We show how a large family of interacting nonequilibrium phases of matter can arise from the presence of multiple time-translation symmetries, which occur by quasiperiodically driving an isolated, quantum many-body system with two or more incommensurate frequencies. These phases are fundamentally different from those realizable in time-independent or periodically driven (Floquet) settings. Focusing on high-frequency drives with smooth time dependence, we rigorously establish general conditions for which these phases are stable in a parametrically long-lived “preheating” regime. We develop a formalism to analyze the effect of the multiple time-translation symmetries on the dynamics of the system, which we use to classify and construct explicit examples of the emergent phases. In particular, we discuss time quasicrystals which spontaneously break the time-translation symmetries, as well as time-translation symmetry-protected topological phases.

Popular Summary

Matter at equilibrium organizes itself into a variety of phases with sharply distinct physical properties, be it solids, liquids, magnets, or Bose-Einstein condensates. The concept of symmetries is an organizing principle in delineating these phases: A solid has a regular structure of atoms, while a liquid does not. Recently, phases were discovered in matter subjected to an external time-periodic drive. These phases are characterized by an unusual dynamical symmetry and are fundamentally far from equilibrium. We establish the existence of a large family of nonequilibrium phases in a different setting: matter subjected to a quasiperiodic drive made from two or more incommensurate frequencies. Such drives are temporal analogs of spatial quasicrystals. We develop a mathematical formalism to describe these systems and show the existence of multiple dynamical symmetries underlying the new phases.
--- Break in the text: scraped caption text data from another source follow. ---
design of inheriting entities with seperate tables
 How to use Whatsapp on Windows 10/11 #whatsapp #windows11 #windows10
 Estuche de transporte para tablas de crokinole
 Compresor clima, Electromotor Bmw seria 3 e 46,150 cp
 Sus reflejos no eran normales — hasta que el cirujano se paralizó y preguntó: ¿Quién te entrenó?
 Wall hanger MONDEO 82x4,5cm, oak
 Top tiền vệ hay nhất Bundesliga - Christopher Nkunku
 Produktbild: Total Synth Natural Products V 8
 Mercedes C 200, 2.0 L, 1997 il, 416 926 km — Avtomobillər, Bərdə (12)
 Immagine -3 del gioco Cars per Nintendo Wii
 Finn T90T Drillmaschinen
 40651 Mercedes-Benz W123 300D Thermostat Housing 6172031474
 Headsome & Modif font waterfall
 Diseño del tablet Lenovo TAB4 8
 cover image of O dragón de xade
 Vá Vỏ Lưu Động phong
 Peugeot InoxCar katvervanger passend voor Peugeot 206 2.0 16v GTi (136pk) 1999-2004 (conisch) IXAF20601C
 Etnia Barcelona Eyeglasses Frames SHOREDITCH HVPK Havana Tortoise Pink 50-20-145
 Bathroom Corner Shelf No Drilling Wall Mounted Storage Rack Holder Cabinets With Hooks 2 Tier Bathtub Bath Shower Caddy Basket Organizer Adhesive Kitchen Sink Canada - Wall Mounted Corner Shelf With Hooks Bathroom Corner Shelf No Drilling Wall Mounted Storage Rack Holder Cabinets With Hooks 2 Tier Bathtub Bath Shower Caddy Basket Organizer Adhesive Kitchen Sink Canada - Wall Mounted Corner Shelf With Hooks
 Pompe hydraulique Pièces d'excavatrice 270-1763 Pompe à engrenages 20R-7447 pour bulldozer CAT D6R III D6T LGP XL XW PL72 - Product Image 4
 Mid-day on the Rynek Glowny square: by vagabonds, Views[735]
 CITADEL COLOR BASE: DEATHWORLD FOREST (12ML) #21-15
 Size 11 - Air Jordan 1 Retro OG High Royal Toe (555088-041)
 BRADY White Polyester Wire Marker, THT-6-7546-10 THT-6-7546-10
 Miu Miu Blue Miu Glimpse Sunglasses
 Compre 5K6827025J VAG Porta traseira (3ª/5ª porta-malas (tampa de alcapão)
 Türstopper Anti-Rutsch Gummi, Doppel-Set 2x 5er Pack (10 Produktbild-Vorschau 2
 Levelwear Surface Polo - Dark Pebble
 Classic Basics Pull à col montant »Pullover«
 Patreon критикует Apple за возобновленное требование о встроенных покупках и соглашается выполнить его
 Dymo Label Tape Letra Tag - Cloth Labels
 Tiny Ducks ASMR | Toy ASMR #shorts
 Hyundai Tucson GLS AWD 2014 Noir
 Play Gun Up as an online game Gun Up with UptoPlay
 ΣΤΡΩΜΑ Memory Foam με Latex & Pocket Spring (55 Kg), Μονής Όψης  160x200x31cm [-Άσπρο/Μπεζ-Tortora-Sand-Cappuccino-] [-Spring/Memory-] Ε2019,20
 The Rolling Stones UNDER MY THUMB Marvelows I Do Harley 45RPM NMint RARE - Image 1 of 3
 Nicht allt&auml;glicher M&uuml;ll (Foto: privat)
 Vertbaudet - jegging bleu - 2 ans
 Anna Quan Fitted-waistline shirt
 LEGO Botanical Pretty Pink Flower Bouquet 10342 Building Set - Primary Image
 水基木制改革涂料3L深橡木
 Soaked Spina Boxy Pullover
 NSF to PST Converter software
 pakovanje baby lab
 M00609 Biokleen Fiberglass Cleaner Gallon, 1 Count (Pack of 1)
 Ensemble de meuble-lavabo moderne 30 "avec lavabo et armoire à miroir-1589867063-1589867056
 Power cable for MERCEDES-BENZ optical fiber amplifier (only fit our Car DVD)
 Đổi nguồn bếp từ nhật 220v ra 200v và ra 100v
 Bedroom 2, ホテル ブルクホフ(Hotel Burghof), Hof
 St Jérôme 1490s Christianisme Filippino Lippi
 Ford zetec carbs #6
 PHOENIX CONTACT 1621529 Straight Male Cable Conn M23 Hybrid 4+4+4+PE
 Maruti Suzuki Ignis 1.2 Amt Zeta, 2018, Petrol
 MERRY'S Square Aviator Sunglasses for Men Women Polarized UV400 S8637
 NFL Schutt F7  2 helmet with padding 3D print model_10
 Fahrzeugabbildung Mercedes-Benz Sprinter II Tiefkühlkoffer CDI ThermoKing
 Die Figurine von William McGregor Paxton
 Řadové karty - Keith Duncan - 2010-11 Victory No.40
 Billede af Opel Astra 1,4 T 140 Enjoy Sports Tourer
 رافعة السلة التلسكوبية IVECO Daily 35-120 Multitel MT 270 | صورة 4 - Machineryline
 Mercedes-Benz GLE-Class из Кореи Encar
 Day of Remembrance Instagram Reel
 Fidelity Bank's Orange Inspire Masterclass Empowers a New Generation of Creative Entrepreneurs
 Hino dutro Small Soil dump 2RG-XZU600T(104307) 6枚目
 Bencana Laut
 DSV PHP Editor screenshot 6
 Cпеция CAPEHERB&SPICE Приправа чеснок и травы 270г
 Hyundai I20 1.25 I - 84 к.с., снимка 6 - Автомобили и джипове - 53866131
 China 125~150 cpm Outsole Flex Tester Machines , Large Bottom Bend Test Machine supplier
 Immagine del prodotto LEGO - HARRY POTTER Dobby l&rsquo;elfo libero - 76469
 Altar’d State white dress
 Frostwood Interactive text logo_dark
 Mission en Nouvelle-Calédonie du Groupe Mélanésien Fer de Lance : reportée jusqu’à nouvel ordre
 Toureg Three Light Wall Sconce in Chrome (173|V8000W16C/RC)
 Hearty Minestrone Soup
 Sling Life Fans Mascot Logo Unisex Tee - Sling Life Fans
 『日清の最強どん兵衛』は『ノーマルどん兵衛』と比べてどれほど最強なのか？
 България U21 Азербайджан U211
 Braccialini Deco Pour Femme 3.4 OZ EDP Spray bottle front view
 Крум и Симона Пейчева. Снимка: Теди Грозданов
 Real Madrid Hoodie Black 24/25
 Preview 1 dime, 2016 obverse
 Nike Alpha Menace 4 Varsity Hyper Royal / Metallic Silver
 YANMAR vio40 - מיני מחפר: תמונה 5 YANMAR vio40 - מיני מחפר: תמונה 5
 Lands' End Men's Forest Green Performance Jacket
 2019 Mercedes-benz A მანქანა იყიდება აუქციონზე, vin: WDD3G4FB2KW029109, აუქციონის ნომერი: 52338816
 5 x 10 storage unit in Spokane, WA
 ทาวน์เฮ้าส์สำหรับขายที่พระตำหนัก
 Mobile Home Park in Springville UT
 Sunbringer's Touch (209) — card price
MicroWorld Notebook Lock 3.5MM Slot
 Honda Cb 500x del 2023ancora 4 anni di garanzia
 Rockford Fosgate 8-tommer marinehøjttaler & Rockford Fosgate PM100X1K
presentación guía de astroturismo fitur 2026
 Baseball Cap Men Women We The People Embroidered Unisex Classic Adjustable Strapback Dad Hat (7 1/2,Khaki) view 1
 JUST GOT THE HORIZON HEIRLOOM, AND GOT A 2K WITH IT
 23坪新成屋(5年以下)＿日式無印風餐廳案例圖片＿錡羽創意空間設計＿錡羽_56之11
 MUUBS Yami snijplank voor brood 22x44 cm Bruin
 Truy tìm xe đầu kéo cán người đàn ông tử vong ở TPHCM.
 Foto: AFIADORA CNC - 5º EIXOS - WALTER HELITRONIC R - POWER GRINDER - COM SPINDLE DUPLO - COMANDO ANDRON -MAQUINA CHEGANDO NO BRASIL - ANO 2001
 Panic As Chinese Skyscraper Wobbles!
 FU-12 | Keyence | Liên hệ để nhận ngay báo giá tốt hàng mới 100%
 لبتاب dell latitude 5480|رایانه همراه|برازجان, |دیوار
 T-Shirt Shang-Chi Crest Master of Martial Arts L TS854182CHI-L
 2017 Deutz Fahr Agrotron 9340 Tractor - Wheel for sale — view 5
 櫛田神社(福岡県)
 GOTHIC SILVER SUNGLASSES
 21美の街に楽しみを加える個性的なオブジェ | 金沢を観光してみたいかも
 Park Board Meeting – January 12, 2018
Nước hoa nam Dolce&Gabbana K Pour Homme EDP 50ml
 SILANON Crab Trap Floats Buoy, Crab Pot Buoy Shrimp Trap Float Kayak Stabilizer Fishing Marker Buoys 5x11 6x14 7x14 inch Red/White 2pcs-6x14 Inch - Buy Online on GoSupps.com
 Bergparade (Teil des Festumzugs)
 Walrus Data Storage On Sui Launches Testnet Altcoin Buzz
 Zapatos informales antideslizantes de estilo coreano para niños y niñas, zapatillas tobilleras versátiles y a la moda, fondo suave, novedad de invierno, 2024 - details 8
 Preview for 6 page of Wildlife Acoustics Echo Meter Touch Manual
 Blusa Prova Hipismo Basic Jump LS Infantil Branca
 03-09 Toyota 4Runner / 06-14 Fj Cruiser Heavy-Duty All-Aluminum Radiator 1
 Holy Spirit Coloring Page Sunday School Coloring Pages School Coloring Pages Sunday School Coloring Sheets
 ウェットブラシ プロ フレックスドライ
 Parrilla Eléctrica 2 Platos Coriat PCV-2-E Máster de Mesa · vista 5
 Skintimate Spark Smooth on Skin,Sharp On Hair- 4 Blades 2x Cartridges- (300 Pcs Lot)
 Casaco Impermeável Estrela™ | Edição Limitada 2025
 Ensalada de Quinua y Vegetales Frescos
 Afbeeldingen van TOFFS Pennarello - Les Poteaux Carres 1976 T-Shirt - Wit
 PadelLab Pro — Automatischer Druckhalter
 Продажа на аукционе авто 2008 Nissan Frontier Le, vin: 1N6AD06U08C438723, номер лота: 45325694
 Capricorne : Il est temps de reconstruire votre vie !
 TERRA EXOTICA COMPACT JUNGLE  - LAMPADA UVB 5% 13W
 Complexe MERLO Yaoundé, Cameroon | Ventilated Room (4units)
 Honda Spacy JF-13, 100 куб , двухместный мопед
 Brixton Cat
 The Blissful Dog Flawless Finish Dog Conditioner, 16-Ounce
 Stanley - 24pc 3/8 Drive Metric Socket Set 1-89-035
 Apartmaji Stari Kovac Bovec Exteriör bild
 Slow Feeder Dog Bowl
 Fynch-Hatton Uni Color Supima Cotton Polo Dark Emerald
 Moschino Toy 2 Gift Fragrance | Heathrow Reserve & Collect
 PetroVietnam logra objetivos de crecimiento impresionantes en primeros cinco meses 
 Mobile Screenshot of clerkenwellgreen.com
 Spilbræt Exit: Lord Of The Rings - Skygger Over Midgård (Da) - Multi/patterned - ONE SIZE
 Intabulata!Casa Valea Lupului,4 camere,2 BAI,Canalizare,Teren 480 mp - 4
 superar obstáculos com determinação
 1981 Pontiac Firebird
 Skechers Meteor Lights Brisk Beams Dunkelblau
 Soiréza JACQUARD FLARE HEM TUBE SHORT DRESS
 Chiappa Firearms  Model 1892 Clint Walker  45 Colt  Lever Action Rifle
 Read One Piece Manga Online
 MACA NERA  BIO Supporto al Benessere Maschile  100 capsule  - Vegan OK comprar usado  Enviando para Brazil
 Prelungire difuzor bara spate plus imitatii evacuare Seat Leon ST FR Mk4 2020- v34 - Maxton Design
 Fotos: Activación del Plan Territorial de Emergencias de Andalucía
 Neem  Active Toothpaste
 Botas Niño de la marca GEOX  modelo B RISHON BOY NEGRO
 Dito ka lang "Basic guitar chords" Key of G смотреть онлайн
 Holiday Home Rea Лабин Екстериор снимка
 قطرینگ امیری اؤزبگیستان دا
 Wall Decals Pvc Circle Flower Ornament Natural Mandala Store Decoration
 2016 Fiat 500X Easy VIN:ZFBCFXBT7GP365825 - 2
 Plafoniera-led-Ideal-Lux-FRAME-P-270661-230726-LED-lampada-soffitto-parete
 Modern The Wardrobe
Driven systems of matter often heat quickly, destroying all signatures of the nonequilibrium phases. We find a general class of quasiperiodic drives where we rigorously show phase stability for a long time—a so-called prethermal regime. In this regime, we explicitly construct phases—discrete time quasicrystals—that break the multiple dynamical symmetries. Additionally, we construct and classify topological phases that build upon the presence of the multiple dynamical symmetries.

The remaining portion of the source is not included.